Dr. Claudine Gravel-Miguel Presents Terrain Model Work At SAA Meeting

Dr. Claudine Gravel-Miguel Presents Terrain Model Work At SAA Meeting

Dr. Claudine Gravel-Miguel, a research scientist with the Center for Applied Fire and Ecosystem Science (CAFES) at the New Mexico Consortium recently presented her work at the 89th Annual Society for American Archaeology (SAA) Meeting in New Orleans, Louisiana.

The goal of SAA Meetings is to advance archaeology, preservation, and practice. The SAA empowers its members to understand humanity’s past through ethically-based scientific and humanistic investigation, to promote preservation of archaeological resources and cultural heritage through support of legislation and education, to create collaboration between the profession and descendant communities, and to assist professional growth.

Gravel-Miguel’s presentation at this year’s meeting was titled: “Combining aerial LiDAR and Deep Learning to detect archaeological features in the Piedmont National Wildlife Refuge, Georgia”.

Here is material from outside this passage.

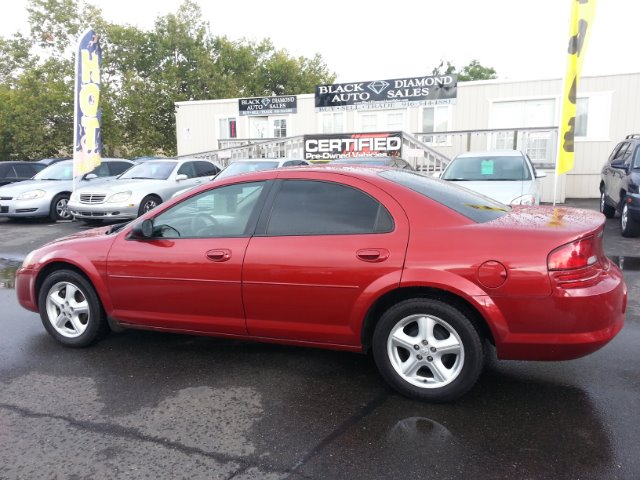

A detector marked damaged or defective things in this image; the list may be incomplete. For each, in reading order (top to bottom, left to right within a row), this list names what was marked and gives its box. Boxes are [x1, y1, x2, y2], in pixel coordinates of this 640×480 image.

pavement crack [286, 390, 390, 476]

A growing number of archaeologists are using LiDAR-derived high-resolution Digital Terrain Models (DTM) to detect and document archaeological features. Early adopters of this method used visualizations to manually detect archaeological features; however, recent technological advances provide new tools that can considerably increase the efficiency and effectiveness of archaeological feature detection in DTMs.

In this presentation Gravel-Miguel presented her team’s methodology to detect archaeological features in images derived from LiDAR data, with a case study focused on the Piedmont National Wildlife Refuge.

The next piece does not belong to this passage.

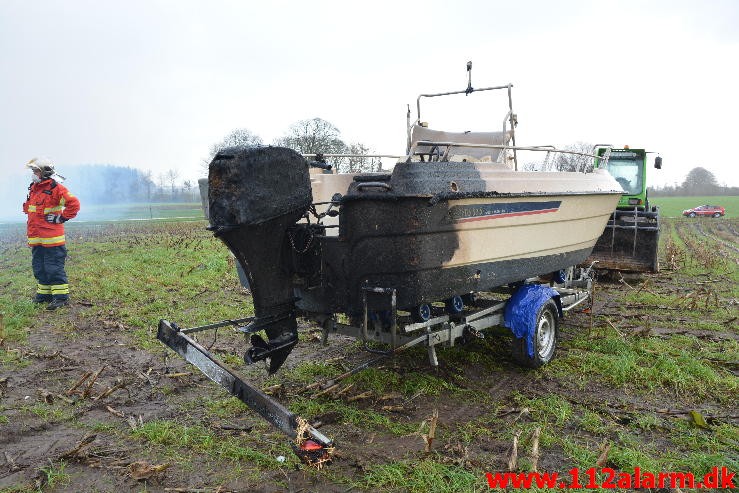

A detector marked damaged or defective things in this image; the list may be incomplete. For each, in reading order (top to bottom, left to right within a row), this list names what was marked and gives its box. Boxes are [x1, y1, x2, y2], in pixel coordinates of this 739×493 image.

fire-damaged boat [156, 64, 624, 462] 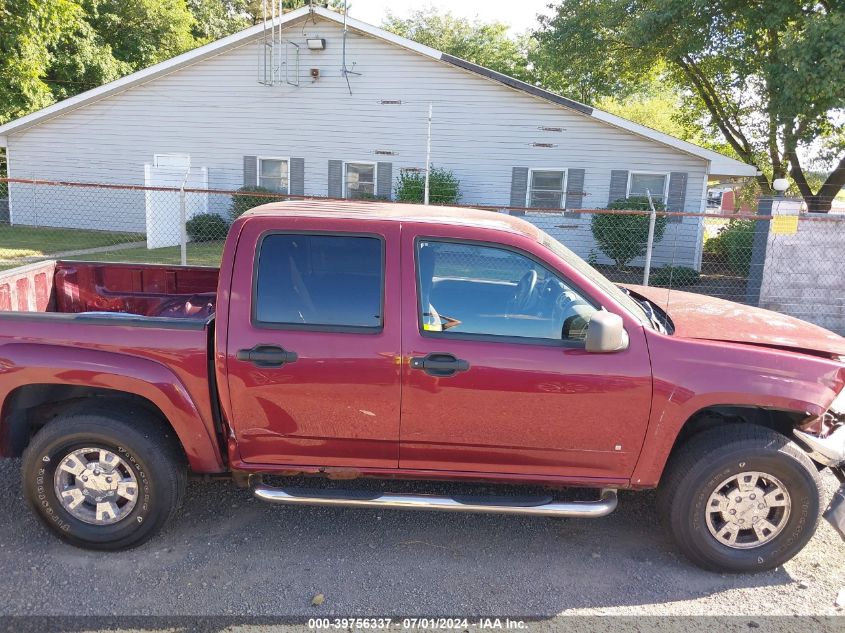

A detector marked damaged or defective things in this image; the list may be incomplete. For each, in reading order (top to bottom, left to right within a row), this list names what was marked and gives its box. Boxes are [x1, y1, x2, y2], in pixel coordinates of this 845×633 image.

damaged front end [792, 390, 844, 540]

Their team uses Deep Learning Convolutional Neural Network (CNN) models – a subset of the larger Machine Learning (ML) toolset – to quickly detect archaeological features over large areas. CNNs specialize in the analysis of visual imagery, making them particularly useful for the detection of visual features.

They trained their U-Net models to detect the presence and location of archaeological terraces in images of a landscape.

Most models performed very well and the best one was even able to detect terraces the team had overlooked. This demonstrates that this work can help agencies to identify and better protect the cultural resources that are on their land.

Other scientists who worked on this project include Grant Snitker with CAFES, Jayde Hirniak with CAFES and Arizona State University and Katherine Peck with CAFES and the University of New Mexico.